From the timelessly excellent The Life and Letters of Peter Ilich Tchaikovsky (public library; public domain) comes the beloved composer’s raw account of inspiration, an electrifying articulation of what T.S. Eliot once called the mystical quality of creativity and countless other creators have echoed over the years.

Responding to an 1878 letter from Von Meck, Tchaikovsky describes “those vague feelings which pass through one during the composition”:

It is a purely lyrical process. A kind of musical shriving of the soul, in which there is an encrustation of material which flows forth again in notes, just as the lyrical poet pours himself out in verse. The difference consists in the fact that music possesses far richer means of expression, and is a more subtle medium in which to translate the thousand shifting moments in the mood of a soul. Generally speaking, the germ of a future composition comes suddenly and unexpectedly. If the soil is ready — that is to say, if the disposition for work is there — it takes root with extraordinary force and rapidity, shoots up through the earth, puts forth branches, leaves, and, finally, blossoms. I cannot define the creative process in any other way than by this simile. The great difficulty is that the germ must appear at a favorable moment, the rest goes of itself. It would be vain to try to put into words that immeasurable sense of bliss which comes over me directly [when] a new idea awakens in me and begins to assume a definite form. I forget everything and behave like a madman. Everything within me starts pulsing and quivering; hardly have I begun the sketch, before one thought follows another.

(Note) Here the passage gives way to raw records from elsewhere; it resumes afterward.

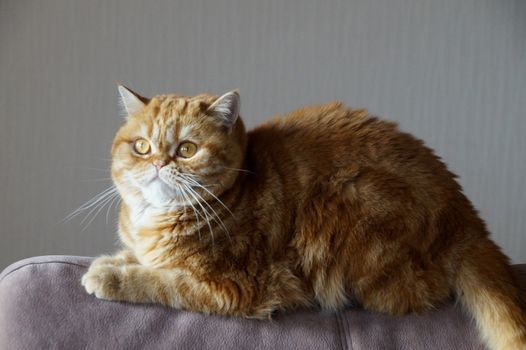 ginger Scottish cat on the back of the sofa.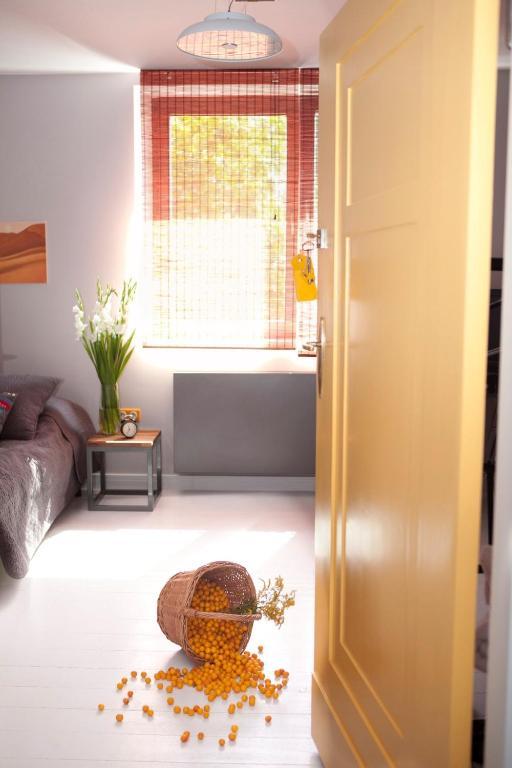 Republika Sloneczna Bed & Breakfast Poznań Rom bilde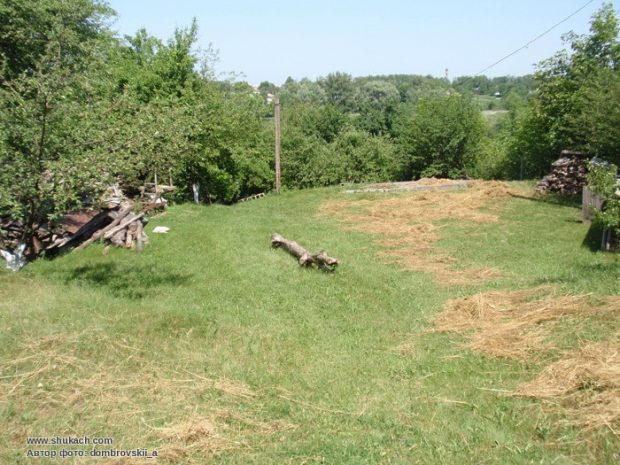 Добраничевка, Киевская область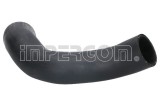 ORIGINAL IMPERIUM 230315 Furtun ear supraalimentare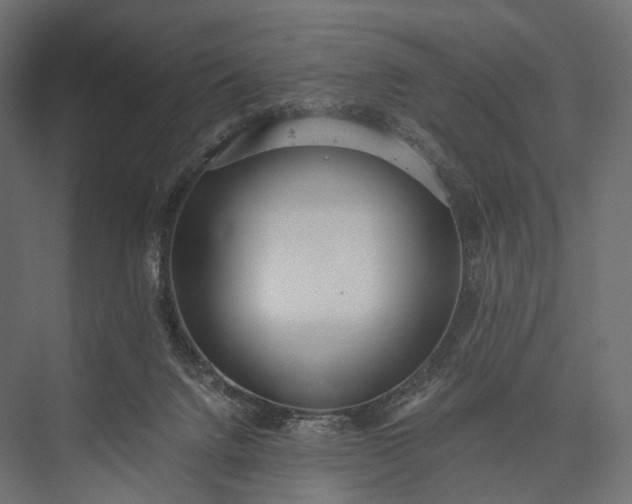 X0000076050072200610061521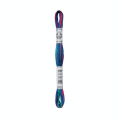 Fil à broder Coloris Multicolore 6 brins 8 m - DMC - Rougier et Plé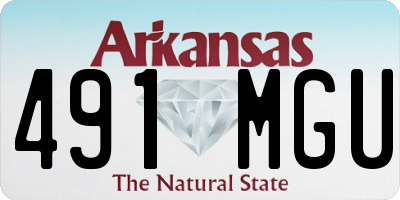 AR license plate 491MGU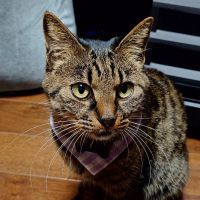 ビビちやん 会員画像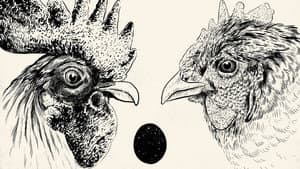 De Gallo Qui Ovavit — foto 1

Scene from Pacific Northwest Ballet's production of Tchaikovsky's 'The Nutcracker,' the most popular ballet in the world, with set design by Maurice Sendak (Photograph © Angela Sterling)

Tchaikovsky admonishes against the outside interruption of this state, known in contemporary psychology as “flow” — a cautionary lament all the more prescient today, in our age of constant bombardment with distractions and demands on our attention, the worrisome repercussions of which on our cognition and creative capacity philosophers have warned about for decades and psychologists are only just beginning to understand. Tchaikovsky writes:

In the midst of this magic process it frequently happens that some external interruption wakes me from my somnambulistic state: a ring at the bell, the entrance of my servant, the striking of the clock, reminding me that it is time to leave off. Dreadful, indeed, are such interruptions. Sometimes they break the thread of inspiration for a considerable time, so that I have to seek it again — often in vain.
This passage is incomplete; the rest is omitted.